Tuesday, June 14, 2011

My Senior Sermon @ Church

 

So basically, at my church, whenever there is a senior from the youth group graduating, they typical routine is for that particular senior to give the sermon at church.  So…seeing as I am the only senior and I was the only person in my youth group…I was appointed the job…lucky me.

So here it is…for those of you who are interested…take a look…some of the references you probably won’t get unless you go to my church but I think it’s still pretty funny Smile.  Enjoy!

 

Six years ago, I was a Catholic. Wow, it felt good to get that off my chest. I was confirmed in the Catholic Church after going through six long years of dreaded CCD. Mind you…I did learn a lot in those six years about theology and the teachings of Jesus Christ; however…after receiving all of my sacraments as a Catholic, I just didn’t feel connected to the Catholic Church. As a little kid, we never really went to church much and never talked about God at home. Being at the age of curiosity, I always found myself pondering the ideas I had learned in CCD, and I always wondered what more was out there besides me. Who created it all? So, as you’d imagine, I sprang at the opportunity to learn when my mother got the job as “administrative assistant” here at Incarnation. I was a little weary about asking my mom to take me to church but as I started meeting all of the people here, and getting to know all of you, I finally worked up the courage to ask and really…the rest is history.

I have now been at Incarnation for six years and these past six years have been some of the most memorable times of my life. You all here have sort of become like a second family to me. In a way…I’ve grown up a lot since I first started coming to Sunday morning services. A lot has happened to me here. I learned to ski, I joined the Rite-13/J2A group, I made a lot of new friends and I truly saw God for the first time when I went to Ireland on my pilgrimage.
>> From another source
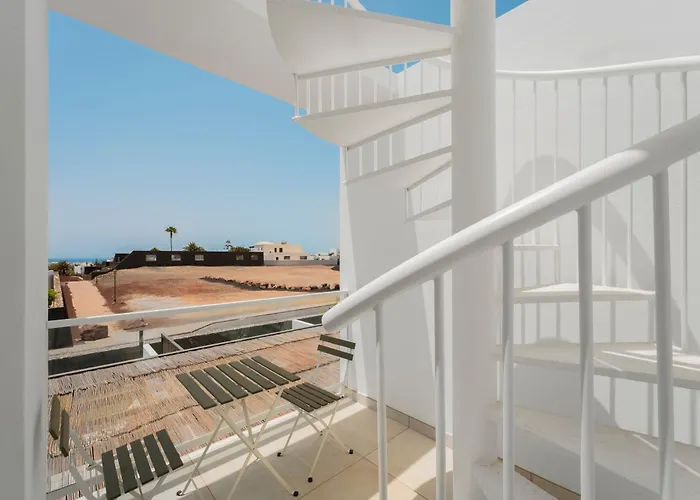 Villa Geca Ideal With Private Pool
One of the reasons I love coming here to Incarnation is simply for all of you. Incarnation is a place where I don’t feel judged because of what I believe in. I like having a place to go to where everyone shares the same beliefs as me. It’s a place I feel comfortable, and a place where I know I can always come to feel accepted and feel in place.
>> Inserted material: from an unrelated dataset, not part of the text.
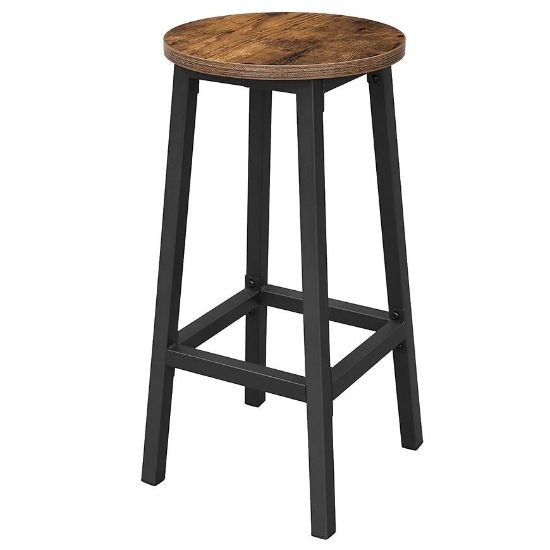 Obrazek Hoker Industrial 2szt LBC32X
I feel that since coming here, I have learned more in these past six years than I ever would have without you all. I’ll never forget, about 3 years ago, I was sitting in my Grandmother’s house and we were all watching Jeopardy, and a religion question came on…something about threading a camel through a needle and the true meaning being misinterpreted from the original language of the bible…something along those lines…but I remember that I knew the answer to it, a big shout out to Andrena for that one…we may have not always gotten along when you were my Rite-13 teacher..but at least I can say that I could successfully answer that question if I was ever on Jeopardy one day. And…while we are on the topic of Rite-13…I think we should take a parish poll of who else thinks that God is, in fact a woman. I don’t know about you but I still think only a woman could create those beautiful landscapes and only a woman would have the patience to write a book as long as the bible, because let’s face it…only a woman has that much to say. Ah…fun times. Also, while we’re doing shout outs, I think it’s only fair to give a huge one to Mrs. Froelich for “teaching me how to ski”…that one went well. J But seriously…you personally have made a lot of these years here at Incarnation well worth it for me. I don’t know anyone else brave enough to deal with me in the morning…especially in another country…well besides Dan and, of course, my mother…but she doesn’t really count…she doesn’t really volunteer for those kinds of jobs…she’s just kind of appointed to them due to the fact that she gave birth to me…sorry mom…you chose to bring me home J

While we’re doing back stories…I might as well throw in a few more. You know…hide and go seek has always been a favorite game of mine and I think I demonstrated that pretty well when I tried to hide from Sandy to avoid serving on the altar. Ok…it wasn’t really fun for her at the time but it was for me and let’s be honest…it’s pretty funny now.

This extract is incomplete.